Audrey menghela napas dan membentuk bulan merah tua di dadanya. Dia kemudian menghampirinya dan menatap ke bawah, ke arah golden retriever-nya dari posisi memerintah.

"Susie, itu tidak benar. Ini namanya mengintip. Seorang Penonton harus mengamati secara terbuka."

Golden retriever itu mengangkat kepalanya untuk melihat pemiliknya dan mengibaskan ekornya.

Setelah mengomeli anjingnya, Audrey tidak menunda lebih lama lagi dan melanjutkan berjalan menuju kamar tidurnya lagi.

Dalam beberapa detik saat membuka dan menutup pintunya, dia tiba-tiba memiliki sebuah ide yang aneh.

"Aku ingin tahu jika Tuan Pandir akan mengizinkan Susie untuk masuk ke dalam ruang misterius itu. Lalu, akan ada empat anggota dalam Pertemuan Tarot itu! Dan mereka semua adalah para Pelampau!

"Tidak mungkin, Susie tidak bisa berbicara. Jika mereka mengizinkannya untuk mengutarakan pendapatnya dan berbagi pemikirannya, apa yang akan dia lakukan? Guk guk guk? Auuu auuu auuu? Eh, kenapa aku meniru gonggongan anjing di sini …."

"Hanya membayangkan adegan seperti itu terasa sangat aneh. Sebuah pertemuan yang misterius dan serius dengan gonggongan seekor anjing yang tiba-tiba … Tuan Pandir pasti akan langsung mengusir kami dari Pertemuan Tarot …."

Audrey mengunci pintunya dan duduk di samping tempat tidurnya. Dia mengeluarkan selembar kertas berwarna cokelat kekuningan yang sudah tua dari bawah bantalnya.

Dia membacanya berulang kali dan memasuki kondisi Penontonnya.

….

Di daerah tertentu di Laut Sonia, sebuah perahu layar tua yang sedang mengejar sang Pendengar telah meninggalkan Kepulauan Rorsted.

Pelaut Alger Wilson merasa khawatir jika mesin jam dinding itu rusak, jadi dia masuk ke dalam kabin kapten sekitar setengah jam sebelumnya, jaga-jaga jika dia salah memperkirakan waktu yang akan menyebabkan bawahannya melihat dia ditarik ke dalam Pertemuan Tarot.

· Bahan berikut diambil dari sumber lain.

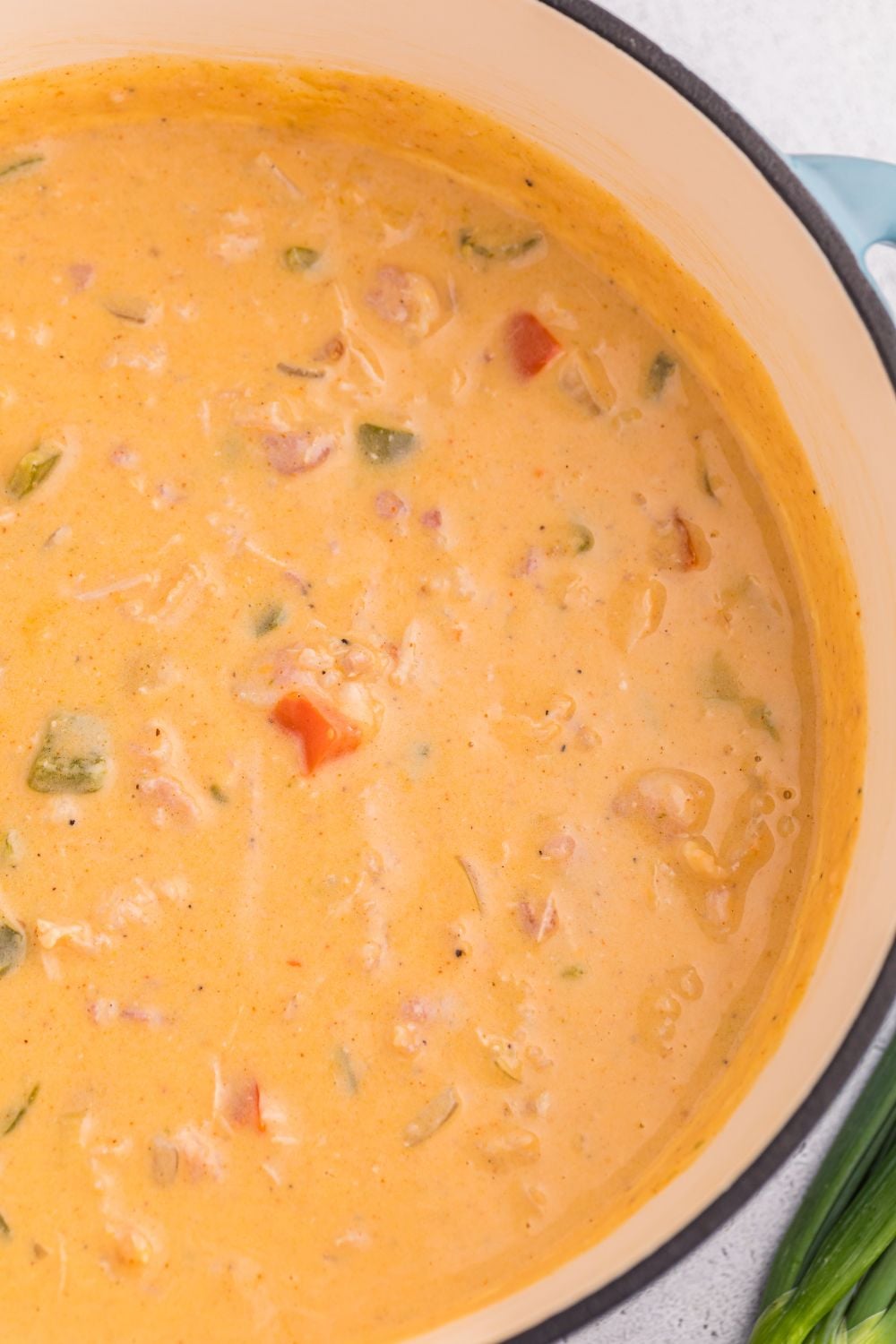 stock pot full of cheesy jalapeño popper crack chicken soup on the table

Di depannya terdapat segelas minuman keras yang hampir transparan. Aroma yang kaya itu berputar sedikit demi sedikit ke dalam lubang hidungnya.

Alger gemetaran sekali lagi, ketika dia memikirkan Pertemuan yang akan datang, kabut tak terbatas yang muncul di hadapannya saat di koridor hotel, dan Si Pandir yang misterius, yang duduk di tengah-tengah kabut berwarna abu-abu.

Dia mengangkat gelasnya dan meneguknya, menggunakan sensasi terbakar di tenggorokannya untuk meredakan berbagai emosi yang bercampur aduk di dalam dirinya.

Tidak lama kemudian, dia pun memulihkan ketenangannya. Dia menjadi tenang dan teguh seperti biasanya.